Forum jest miejscem wymiany opinii użytkowników, myśli, informacji, komentarzy, nawiązywania kontaktów i rodzenia się inicjatyw. Dlatego eliminowane będą wszelkie wpisy wielokrotne, zawierające wulgarne słowa i wyrażenia, groźby karalne, obrzucanie się obelgami, obrażanie forumowiczów, członków redakcji i innych osób. Bezwzględnie będziemy zwalczali trollowanie, wszczynanie awantur i prowokowanie. Jeśli czyjaś opinia nie została dopuszczona, to znaczy, że zaliczona została do jednej z wymienionych kategorii. Jednocześnie podkreślamy, iż rozumiemy, że nasze środowisko chce mieć miejsce odreagowywania wielu lat poniżania i ciągłej nagonki na nas przez obóz "miłości", ale nie upoważnia to do stosowania wulgarnego języka. Dopuszczalna jest natomiast nawet najostrzejsza krytyka, ale bez wycieczek osobistych.

Komentarze

Obrazek użytkownika Pani Anna

19-10-2018 [16:07] - Pani Anna | Link:

Jak to mówią, mądry zrozumie w pół słowa, a innnemu, np. panu Śmieciu nie wystarczy nawet biblioteki aleksandryjskiej, aby zrozumieć. 

Obrazek użytkownika wielkopolskizdzichu

19-10-2018 [16:50] - wielkopolskizdzichu | Link:

Prezes Partii traktuje samorządy jak dopust boży, wszak jego edukacja zakończona pracą doktorską której promotorem był komunistyczny politruk, była podporządkowana urabianiu posłusznych wyższym ideom pracowników administracji, a nie tworzeniu współuczestników procesu zarządzania i odpowiedzialności. Kaczyński nie znosi struktur niezależnych od gabinetowej polityki. Nie chodzi tu o barwy polityczne tylko o niemożność zawierania przewidywalnych sojuszy z innym gabinetem którego działanie podlega układom lokalnym.
Kaczyński wszak bez problemu wejdzie w deal z Rydzykiem bo bez względu na jego wręcz chamskie działania, jest on na dłuższą metę przydatny i przewidywalny. Rydzyk bywa przymilnym  petentem, a prezydenci miast i marszałkowie dużych i silnych województw potrafią nimi nie być , tylko mogą powoływać się na opisane ustawami zasady, które dla Prezesa są, nie do zniesienia.

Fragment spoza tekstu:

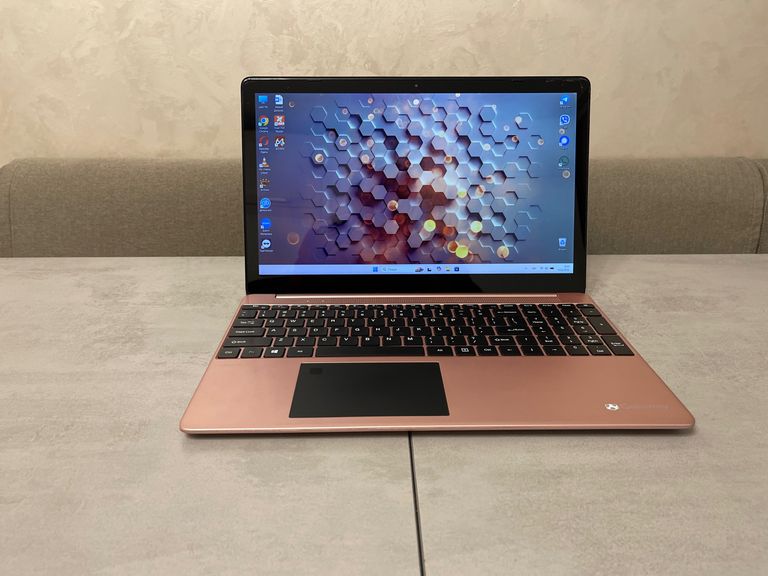 Купити Gateway GWTN156-1RG, 15,6" FHD IPS, i5-1035G1, 16GB, 256GB SSD Б/У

Obrazek użytkownika xena2012

19-10-2018 [17:46] - xena2012 | Link:

Kaczyński wejdzie w deal z Rydzykiem bez względu na jego chamskie działania''-mozna wiedzieć jakie i w jakim stopniu chamskie?

Obrazek użytkownika wielkopolskizdzichu

19-10-2018 [18:06] - wielkopolskizdzichu | Link:

Stworzenie medialnego azylu dla Pana Antoniego z którego to dobiegają pohukiwania na obecnych ministrów to niby jak można inaczej nazwać.
Ale wspólny deal Prezesa i Rydzyka przezwycięża wzajemną antypatię.  

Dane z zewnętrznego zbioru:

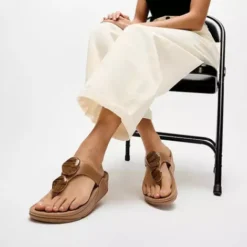 FitFlop Deep Tan Leather Toe Post|A4TC15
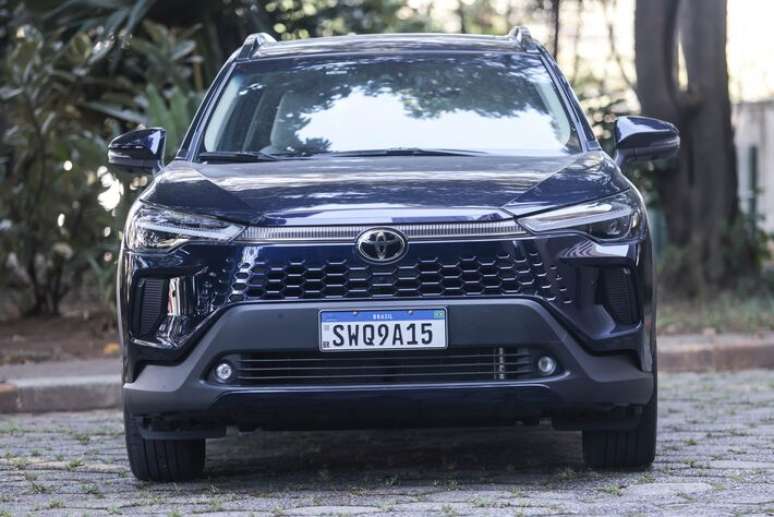 SÃO PAULO- 18/06/2025 - JORNAL DO CARRO SUV TOYOTA COROLLA CROSS XRX 2.0 - Fotos do Toyota Corolla Cross XRX 2.0. FOTO:Werther Santana/Estadão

Obrazek użytkownika xena2012

19-10-2018 [20:34] - xena2012 | Link:

To pan Antoni jest jakimś groźnym przestępcą,gangsterem że udostepnienie mu możliwości wypowiadania się jest chamstwem?

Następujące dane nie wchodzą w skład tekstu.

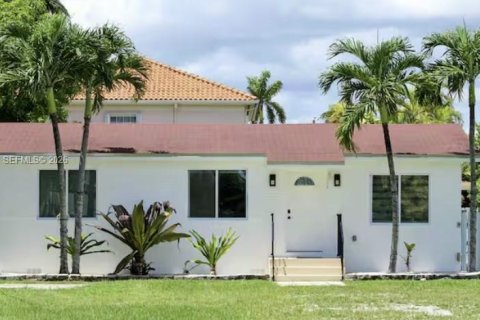 Дом в Майами, Флорида 3 спальни, 93.83м2 № 2005873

Obrazek użytkownika wielkopolskizdzichu

19-10-2018 [20:49] - wielkopolskizdzichu | Link:

Znacznie gorzej. Jest wkurzonym facetem, który poczuł się jak dziecko któremu odebrano zasłużoną zabawkę.
Gangsterzy myślą logicznie, nie podcinają gałęzi na której siedzą, w odróżnieniu od gorących patriotów.

Obrazek użytkownika Goral Supreme

19-10-2018 [16:54] - Goral Supreme | Link:

..."PiS może liczyć na 29 proc. poparcia w wyborach do sejmików"..https://wpolityce.pl/polityka/...
Kunktatorskie I polityczno-samobojcze dzialania Kaczynskiego i tego owoce..
29 %...I co tu wiecej komentowac..Facet ma szczegolny talent do Destrukcji..

Obrazek użytkownika smieciu

19-10-2018 [18:02] - smieciu | Link:

Niestety. Destrukcja to dobre słowo. Ja jestem z kolei ciekaw ich wyniku w moim powiecie. Poprzednie wybory samorządowe poszły PiSowi dość dobrze. Krajowe całkiem dobrze (jeden z lepszych wyników w kraju). Ale gdy patrzę na ten mój lokalny PiS to mi się flaki skręcają. A ja naprawdę nie mam dużych wymagań bo wiem jak to działa. Rozumiem że promuje się swoich tylko czemu już nawet nie miernoty ale ... cenzor by mi to wyciął. Można przyjechać i kręcić film jak działa selekcja negatywna. Byłyby i wątki obyczajowe, czarny humor a może nawet jakieś archiwum X. A wszystko w wiejskim klimacie do niedawna zachlanym przez PSL. Który dostał konkurencję.
W każdym razie. Był już u nas Morawiecki. Była Szydło ale czy to pomoże? Zobaczymy.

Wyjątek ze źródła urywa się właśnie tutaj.